Short web captions
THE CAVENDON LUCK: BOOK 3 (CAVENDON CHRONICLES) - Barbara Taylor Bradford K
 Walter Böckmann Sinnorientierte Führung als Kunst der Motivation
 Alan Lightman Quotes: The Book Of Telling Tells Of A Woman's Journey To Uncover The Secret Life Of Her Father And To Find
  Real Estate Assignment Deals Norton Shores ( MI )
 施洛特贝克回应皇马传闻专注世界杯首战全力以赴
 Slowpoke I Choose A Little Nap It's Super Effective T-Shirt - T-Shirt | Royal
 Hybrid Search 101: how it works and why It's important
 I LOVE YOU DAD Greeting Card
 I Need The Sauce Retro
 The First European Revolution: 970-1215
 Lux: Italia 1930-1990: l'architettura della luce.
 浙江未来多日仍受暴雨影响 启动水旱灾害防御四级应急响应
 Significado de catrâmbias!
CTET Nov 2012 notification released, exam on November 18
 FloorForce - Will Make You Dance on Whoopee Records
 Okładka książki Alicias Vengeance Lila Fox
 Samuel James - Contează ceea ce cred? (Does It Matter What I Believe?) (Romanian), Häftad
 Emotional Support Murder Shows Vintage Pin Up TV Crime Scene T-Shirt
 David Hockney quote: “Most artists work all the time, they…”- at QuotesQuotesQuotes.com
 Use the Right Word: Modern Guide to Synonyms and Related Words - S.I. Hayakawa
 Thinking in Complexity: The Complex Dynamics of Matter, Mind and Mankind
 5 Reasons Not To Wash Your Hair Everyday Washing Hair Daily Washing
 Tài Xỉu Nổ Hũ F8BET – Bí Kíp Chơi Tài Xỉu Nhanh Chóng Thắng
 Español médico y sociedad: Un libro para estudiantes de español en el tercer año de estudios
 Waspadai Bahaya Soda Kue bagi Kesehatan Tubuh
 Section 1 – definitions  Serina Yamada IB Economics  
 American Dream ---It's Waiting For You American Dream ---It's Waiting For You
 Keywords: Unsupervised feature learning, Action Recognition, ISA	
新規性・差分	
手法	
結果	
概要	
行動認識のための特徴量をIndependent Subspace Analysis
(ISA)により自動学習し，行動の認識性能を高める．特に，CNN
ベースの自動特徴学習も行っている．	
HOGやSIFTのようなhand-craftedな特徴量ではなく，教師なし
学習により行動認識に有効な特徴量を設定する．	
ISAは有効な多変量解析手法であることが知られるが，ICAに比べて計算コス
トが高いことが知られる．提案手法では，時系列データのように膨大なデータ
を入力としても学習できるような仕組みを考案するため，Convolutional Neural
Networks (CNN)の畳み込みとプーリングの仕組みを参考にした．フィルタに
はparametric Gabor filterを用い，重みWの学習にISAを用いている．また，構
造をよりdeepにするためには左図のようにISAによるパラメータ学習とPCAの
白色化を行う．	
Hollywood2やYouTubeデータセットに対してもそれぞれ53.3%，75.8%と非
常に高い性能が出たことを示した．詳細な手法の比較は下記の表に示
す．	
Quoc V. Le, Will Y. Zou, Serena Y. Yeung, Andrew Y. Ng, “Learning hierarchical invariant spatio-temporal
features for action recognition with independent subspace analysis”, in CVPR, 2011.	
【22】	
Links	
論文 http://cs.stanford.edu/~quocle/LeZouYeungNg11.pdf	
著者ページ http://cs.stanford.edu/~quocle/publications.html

# [Work task]
Retype exactly the lines from the first line of the records above through the line containing "The First European Revolution: 970-1215", both included, and nothing else.

# [Problem solution]
THE CAVENDON LUCK: BOOK 3 (CAVENDON CHRONICLES) - Barbara Taylor Bradford K
 Walter Böckmann Sinnorientierte Führung als Kunst der Motivation
 Alan Lightman Quotes: The Book Of Telling Tells Of A Woman's Journey To Uncover The Secret Life Of Her Father And To Find
  Real Estate Assignment Deals Norton Shores ( MI )
 施洛特贝克回应皇马传闻专注世界杯首战全力以赴
 Slowpoke I Choose A Little Nap It's Super Effective T-Shirt - T-Shirt | Royal
 Hybrid Search 101: how it works and why It's important
 I LOVE YOU DAD Greeting Card
 I Need The Sauce Retro
 The First European Revolution: 970-1215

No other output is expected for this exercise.